Department or School/College

Department of History

Committee Chair

H. Duane Hampton

Publisher

University of Montana

Subject Categories

History

Abstract

The Montana Study, a research project in the humanities, funded by the Rockefeller Foundation and the University of Montana System, operated from 1944 to 1947. The Study primarily sought to help Montanans find ways to stabilize and enhance the quality of life in their small towns. Through a study-group process, twelve Montana towns researched and analyzed the towns' histories and economic and recreational problems. The philosophy of Baker Brownell, director of The Study, was instrumental in shaping and conducting The Study. This paper delineates The Study's methods and goals, assesses its immediate impact, and examines both the sources of Brownell's philosophy and how his ideas influenced The Study.

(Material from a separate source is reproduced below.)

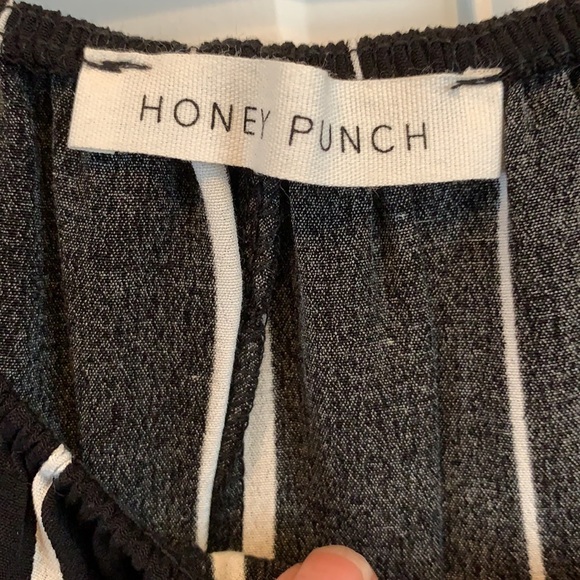 Honey Punch off the shoulder top. Blk/white. Large - Picture 4 of 6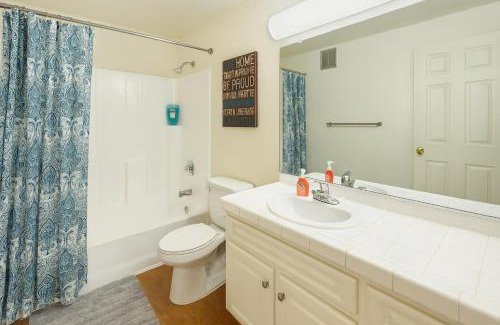 Marina del Rey Apartment | Venice Breeze 2BR - Pool, Hot Tub, Gym - 6-min Walk to Beach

Archival collections at the Montana State Historical Society and at the University of Montana provide detailed accounts of The Montana Study's activities, budgets and publications. In addition, the University of Montana collection includes correspondence between The Montana Study staff and members of the Humanities Division of the Rockefeller Foundation. This correspondence, covering a ten-year span, reveals much of the impetus for, and internal assessment of, The Study. Also crucial for the purposes of this paper are Brownell's several books and articles. Brownell wrote extensively on the problems of alienation and the need for community in modern America.

Brownell belonged to the wing of progressivism that intended to impose order on a rapidly changing America by applying the verities of the past to newly emerged conditions. His belief that the strength of American democracy lay in rural small towns also aligned him with the Jeffersonian agrarian tradition. The degree to which Brownell's pastoralism affected The Montana Study is reflected in the lack of genuine grass roots support for The Study from Montanans themselves. Analysis of Brownell's work both in Montana and in his writing reveals how he romanticized life in the small town. Because he imagined that sources of community in America could be located only in the small town and because he failed to understand how the small town was not immune from the twentieth century's nationalizing tendencies, Brownell's approach must be criticized as ahistorical.